Food security for everyone through technological innovation
The rise in food prices, a changing climate and increased pollution and urban growth put a greater pressure on food supply chain everywhere. Globally, farmers are facing the challenge to increase yield in a sustainable and affordable way. At the same time, they must protect their crops from harsh conditions and the changing environment.
Together with our partners, the Netherlands is dedicated to help farmers in developing countries to adapt to climate challenges. One way of doing so is to use ground-breaking technological innovation to deliver the right information to the right people at the right time. The Netherlands Ministry of Foreign Affairs in collaboration with the Netherlands Space Office (NSO) launched the Geodata for Agriculture and Water (G4AW) to help improve farming practices and enhance productivity by addressing farmers’ needs and constraints.

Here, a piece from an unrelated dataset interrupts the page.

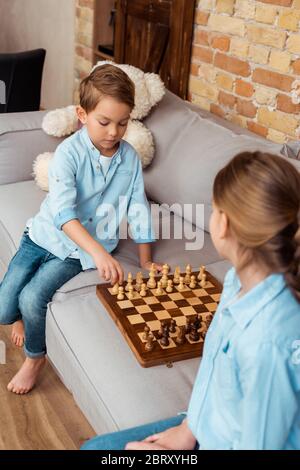 attention sélective aux frères et sœurs jouant aux échecs sur le canapé dans le salon Banque D'Images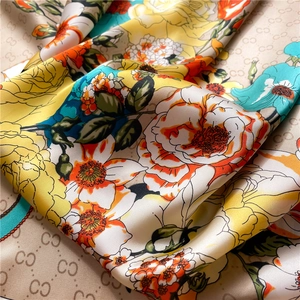 Macro shot of orange rose print silk scarf featuring interlocking letter texture and satin sheen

Data-driven farming to fight effects of climate change
With over 20 initiatives in 15 countries and nearly 4 million users, G4AW can convert satellite data into relevant advice regarding weather and hazardous conditions. The initiative also offers loans and insurance so that farmers can protect their income against the consequences of climate change. Moreover, it encourages collaboration between countries through a platform in which NGOs, farming unions, private and public organisations and research institutes can come together to share expertise and solutions.
Consequently, countries can help each other reach food security worldwide. And, together, reducing hunger and malnutrition, and maintaining a diversity of seeds and farmed animals. A programme such as G4AW is especially beneficial to help raise food production and improve the livelihood of local farmers and fishermen sustainably.
Helping African farmers protect their crops
In Mali, G4AW launched the STAMP project (Sustainable Technology Adaptation for Mali Pastoralists). By collecting ground-based geographic and satellite data, the programme can shape the information to meet the farmers’ needs and provide tailored advice. As a result, Malian herders and farmers can adapt to the effects of climate change. In just the past six years, over 55,000 users have requested help from the service.
In Uganda, meanwhile, the G4AW is working with small scale local farms through MUISS (Mobile User owned ICT4 Ag-enabled Information Services), one of their largest projects to date. By contributing 20,000 Ugandan shillings (approx. 5 euros) per season, farmers can benefit from what is known as a drought insurance. When an agricultural area is affected by drought, the insurance company will compensate the users of the service. As a result, some crops have increased by up to 67%, which equivalates to a 70% income growth.
G4AW projects, including MUISS and STAMP, have improved food production for over 1.4 million farmers and prove the importance of coming together to exchange knowledge and facilitate climate action worldwide. Consequently, we can understand and honour the natural processes of farming, giving every country the opportunity for a more environmentally and economically sustainable future.